» WORK TASK
Every record must be given again word for word; no picture belongs in the copy.

Saved entries
--- START ---

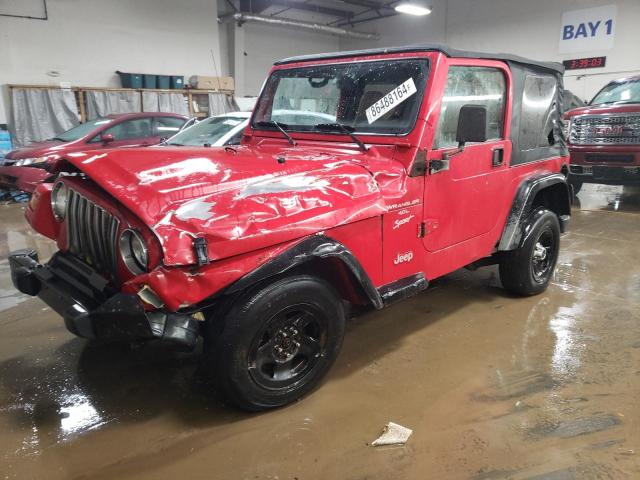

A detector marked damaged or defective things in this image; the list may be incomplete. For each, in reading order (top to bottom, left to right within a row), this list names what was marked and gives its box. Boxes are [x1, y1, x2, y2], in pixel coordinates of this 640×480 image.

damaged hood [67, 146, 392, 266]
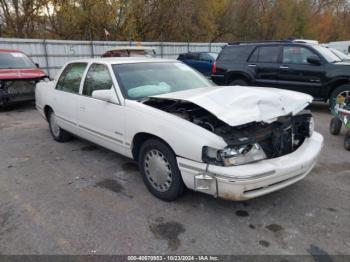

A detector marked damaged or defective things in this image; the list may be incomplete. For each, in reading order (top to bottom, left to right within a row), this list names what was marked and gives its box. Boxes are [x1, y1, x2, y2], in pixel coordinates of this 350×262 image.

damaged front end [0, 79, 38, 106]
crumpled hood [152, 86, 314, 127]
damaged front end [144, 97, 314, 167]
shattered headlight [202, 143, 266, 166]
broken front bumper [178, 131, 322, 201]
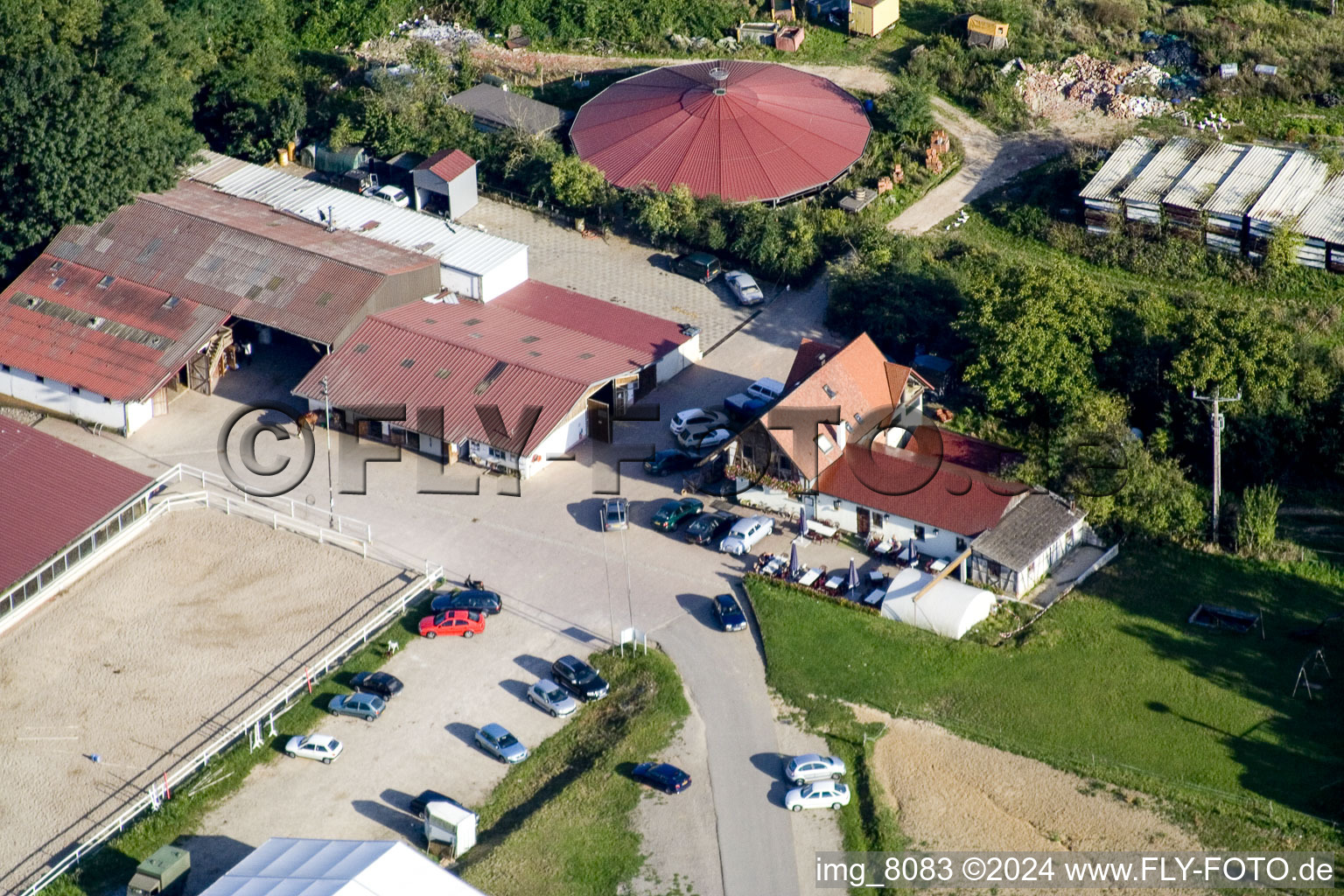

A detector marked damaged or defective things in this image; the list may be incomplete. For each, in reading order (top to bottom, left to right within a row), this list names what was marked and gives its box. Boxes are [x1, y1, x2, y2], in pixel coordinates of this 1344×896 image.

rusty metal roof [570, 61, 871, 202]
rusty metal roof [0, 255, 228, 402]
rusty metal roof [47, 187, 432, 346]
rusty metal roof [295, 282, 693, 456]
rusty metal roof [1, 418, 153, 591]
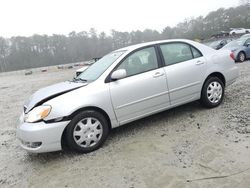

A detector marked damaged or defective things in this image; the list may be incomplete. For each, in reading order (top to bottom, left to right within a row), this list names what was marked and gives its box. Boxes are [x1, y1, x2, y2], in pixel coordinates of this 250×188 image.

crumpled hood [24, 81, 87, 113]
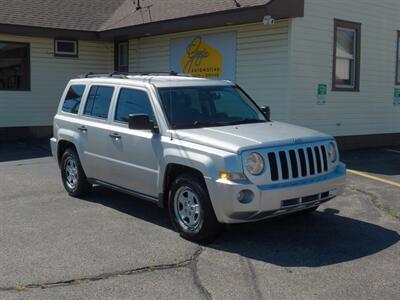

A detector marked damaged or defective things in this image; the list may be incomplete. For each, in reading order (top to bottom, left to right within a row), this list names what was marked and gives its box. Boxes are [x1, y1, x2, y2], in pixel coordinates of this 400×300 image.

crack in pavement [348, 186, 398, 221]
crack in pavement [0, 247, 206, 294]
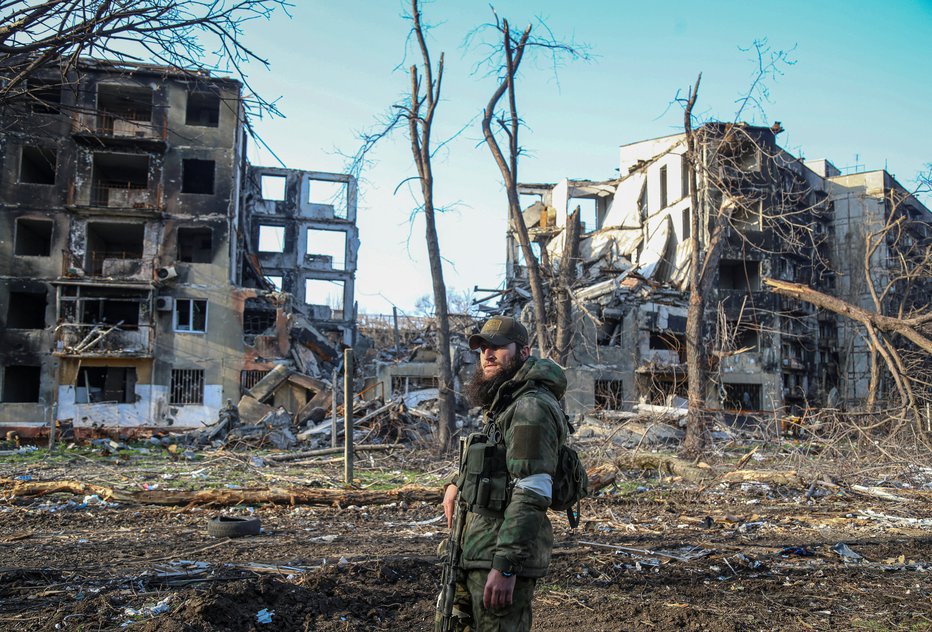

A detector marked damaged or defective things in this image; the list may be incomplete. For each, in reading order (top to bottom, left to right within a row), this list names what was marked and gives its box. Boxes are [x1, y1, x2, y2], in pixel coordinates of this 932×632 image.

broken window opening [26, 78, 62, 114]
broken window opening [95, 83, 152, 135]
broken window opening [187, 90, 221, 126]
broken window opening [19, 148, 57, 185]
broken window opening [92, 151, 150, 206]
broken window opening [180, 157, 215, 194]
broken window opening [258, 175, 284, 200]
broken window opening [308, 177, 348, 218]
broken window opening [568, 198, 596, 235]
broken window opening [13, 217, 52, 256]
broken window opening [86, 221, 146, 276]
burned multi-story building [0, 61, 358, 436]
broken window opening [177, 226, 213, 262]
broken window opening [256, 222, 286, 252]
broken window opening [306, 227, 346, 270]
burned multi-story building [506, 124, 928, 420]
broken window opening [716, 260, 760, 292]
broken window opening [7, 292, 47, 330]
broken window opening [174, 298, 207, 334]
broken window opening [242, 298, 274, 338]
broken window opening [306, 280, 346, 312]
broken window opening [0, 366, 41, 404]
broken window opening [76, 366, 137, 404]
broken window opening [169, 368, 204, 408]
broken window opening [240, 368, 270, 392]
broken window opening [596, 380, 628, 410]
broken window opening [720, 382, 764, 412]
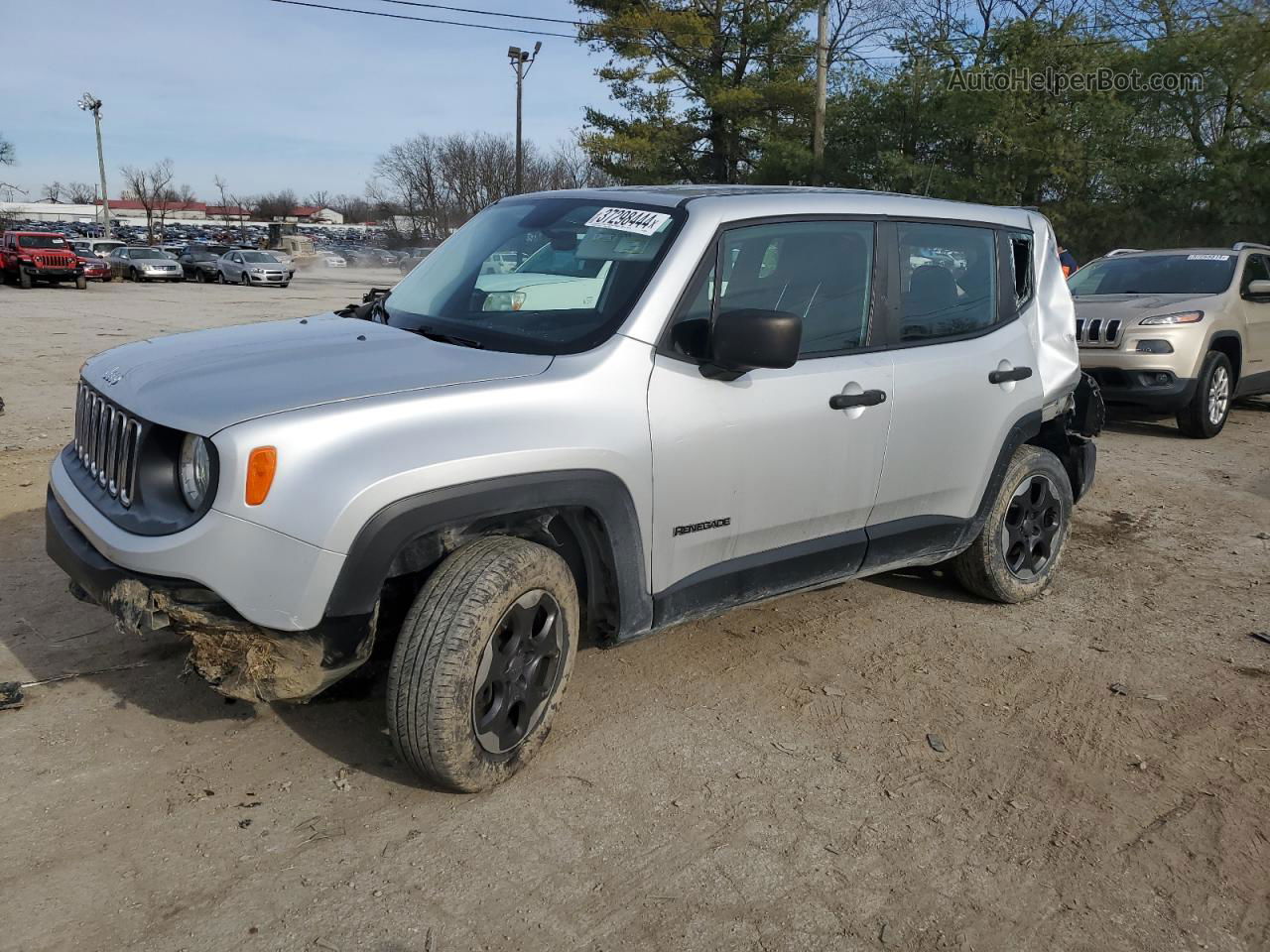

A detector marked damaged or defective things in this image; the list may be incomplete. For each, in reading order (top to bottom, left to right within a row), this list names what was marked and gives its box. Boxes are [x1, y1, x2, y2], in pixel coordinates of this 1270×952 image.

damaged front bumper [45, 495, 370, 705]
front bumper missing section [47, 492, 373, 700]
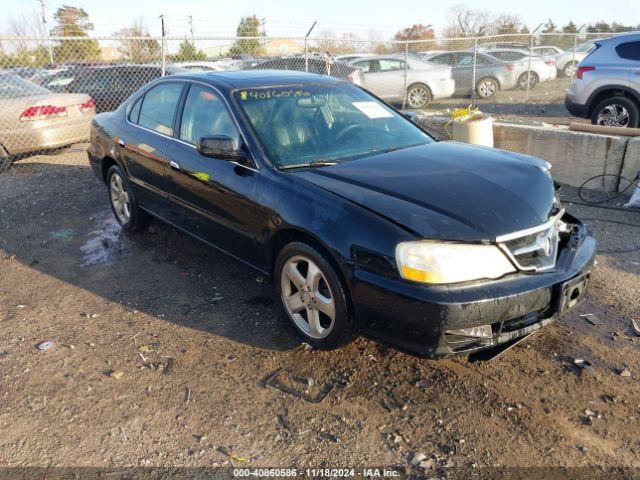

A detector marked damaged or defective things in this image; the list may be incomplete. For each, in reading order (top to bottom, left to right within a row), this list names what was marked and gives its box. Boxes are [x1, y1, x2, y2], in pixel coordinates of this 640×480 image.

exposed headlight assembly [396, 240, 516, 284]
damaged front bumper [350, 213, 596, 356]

--- END ---

» EXERCISE RESULT
A detector marked damaged or defective things in this image; the list may be incomplete. For each, in reading order (top to bottom, left to right within a row), this list names what was marked and gives its box. Boxes are [x1, y1, x2, y2], in pixel coordinates of this 640×480 image.

damaged hood [67, 146, 392, 266]

A detector marked damaged or defective things in this image; the list may be incomplete. For each, in reading order (top to bottom, left to right within a row), this list names what was marked and gives its box. Boxes are [x1, y1, x2, y2], in pixel coordinates of this 350×262 image.

damaged front end [0, 79, 38, 106]
crumpled hood [152, 86, 314, 127]
damaged front end [144, 97, 314, 167]
shattered headlight [202, 143, 266, 166]
broken front bumper [178, 131, 322, 201]

A detector marked damaged or defective things in this image; the list may be incomplete. For each, in reading order (top to bottom, left to right within a row), this list names what was marked and gives its box. Boxes are [x1, y1, x2, y2], in pixel coordinates of this 1344×896 image.

rusty metal roof [570, 61, 871, 202]
rusty metal roof [0, 255, 228, 402]
rusty metal roof [47, 187, 432, 346]
rusty metal roof [295, 282, 693, 456]
rusty metal roof [1, 418, 153, 591]

A detector marked damaged or defective things in this image; the list may be incomplete. For each, in reading order (top to bottom, left to right within a row), this list names what was marked and gives its box. Boxes are [x1, y1, x2, y2], in pixel coordinates of this 250×188 image.

crumpled hood [24, 81, 87, 113]

A detector marked damaged or defective things in this image; the list may be incomplete. For each, in reading order (top to bottom, left to right within a row), this list names what was marked and gives its box. Boxes are [x1, y1, x2, y2], in pixel coordinates of this 400×300 image.

crack in pavement [348, 186, 398, 221]
crack in pavement [0, 247, 206, 294]

A detector marked damaged or defective things in this image; the list may be incomplete. For each, in reading order (top to bottom, left to right within a row), this list names what was marked and gives its box. Boxes are [x1, y1, x2, y2], in pixel coordinates of this 932×632 image.

broken window opening [26, 78, 62, 114]
broken window opening [95, 83, 152, 135]
broken window opening [187, 90, 221, 126]
broken window opening [19, 148, 57, 185]
broken window opening [92, 151, 150, 206]
broken window opening [180, 157, 215, 194]
broken window opening [258, 175, 284, 200]
broken window opening [308, 177, 348, 218]
broken window opening [568, 198, 596, 235]
broken window opening [13, 217, 52, 256]
broken window opening [86, 221, 146, 276]
burned multi-story building [0, 61, 358, 436]
broken window opening [177, 226, 213, 262]
broken window opening [256, 222, 286, 252]
broken window opening [306, 227, 346, 270]
burned multi-story building [506, 124, 928, 420]
broken window opening [716, 260, 760, 292]
broken window opening [7, 292, 47, 330]
broken window opening [174, 298, 207, 334]
broken window opening [242, 298, 274, 338]
broken window opening [306, 280, 346, 312]
broken window opening [0, 366, 41, 404]
broken window opening [76, 366, 137, 404]
broken window opening [169, 368, 204, 408]
broken window opening [240, 368, 270, 392]
broken window opening [596, 380, 628, 410]
broken window opening [720, 382, 764, 412]

A detector marked damaged or defective things in this image; the list may be incomplete. For each, in reading order (top to bottom, left to right within a row), this list names what was marked and gives its box. Boxes are [x1, y1, x2, y2], in pixel coordinates of this 1270×952 image.

damaged front bumper [45, 495, 370, 705]
front bumper missing section [47, 492, 373, 700]

A detector marked damaged or defective things in this image; the list may be incomplete. For each, in reading order (top to bottom, left to right within a row), this list names what was marked and gives its box. Boxes are [x1, y1, x2, y2], in pixel coordinates of this 640×480 image.

exposed headlight assembly [396, 240, 516, 284]
damaged front bumper [350, 213, 596, 356]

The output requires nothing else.